→ **GIVEN MATERIAL**
┏━━

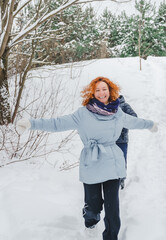 Love romantic love story. Happy couple of middle aged millennials, bright red-haired woman in winter snow park. Romantic date, kissing, hugging. Walking, having fun. Stylish blue clothes, jacket, hat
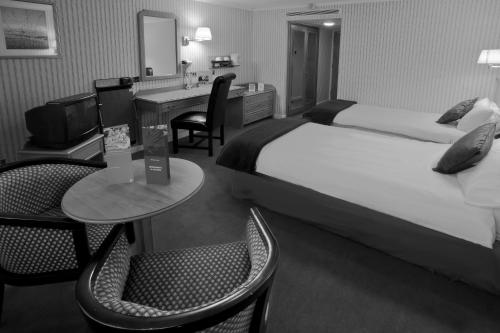 Postel nebo postele na pokoji v ubytování Britannia Hotel Coventry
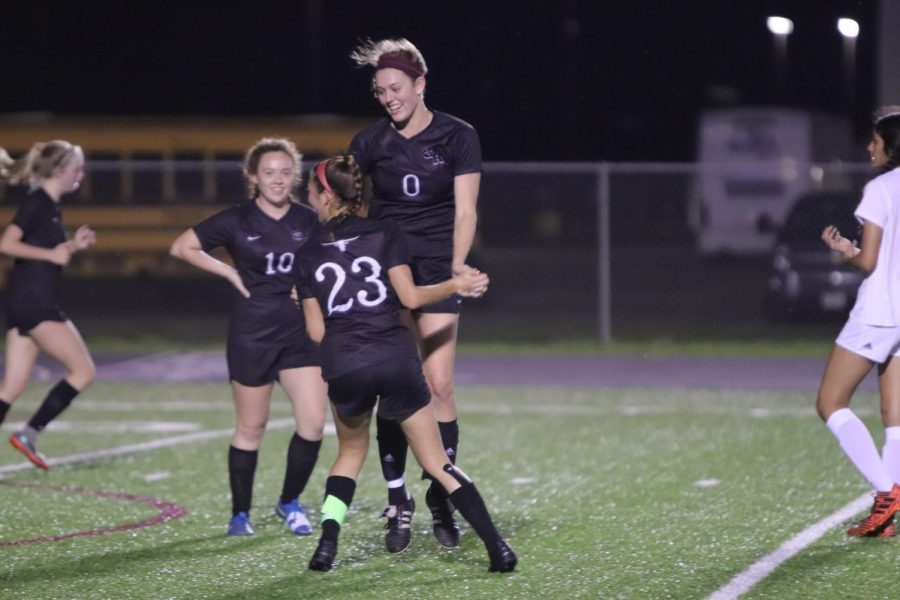 No. 0 Jenna Murray (12) and No. 23 Riley Grafe (12) celebrating the goal the two Longhorns made together.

┗━━

→ **TASK TO COMPLETE**
Print the listing exactly, minus its pictures.

→ **TASK RESULT**
 Love romantic love story. Happy couple of middle aged millennials, bright red-haired woman in winter snow park. Romantic date, kissing, hugging. Walking, having fun. Stylish blue clothes, jacket, hat
 Postel nebo postele na pokoji v ubytování Britannia Hotel Coventry
 No. 0 Jenna Murray (12) and No. 23 Riley Grafe (12) celebrating the goal the two Longhorns made together.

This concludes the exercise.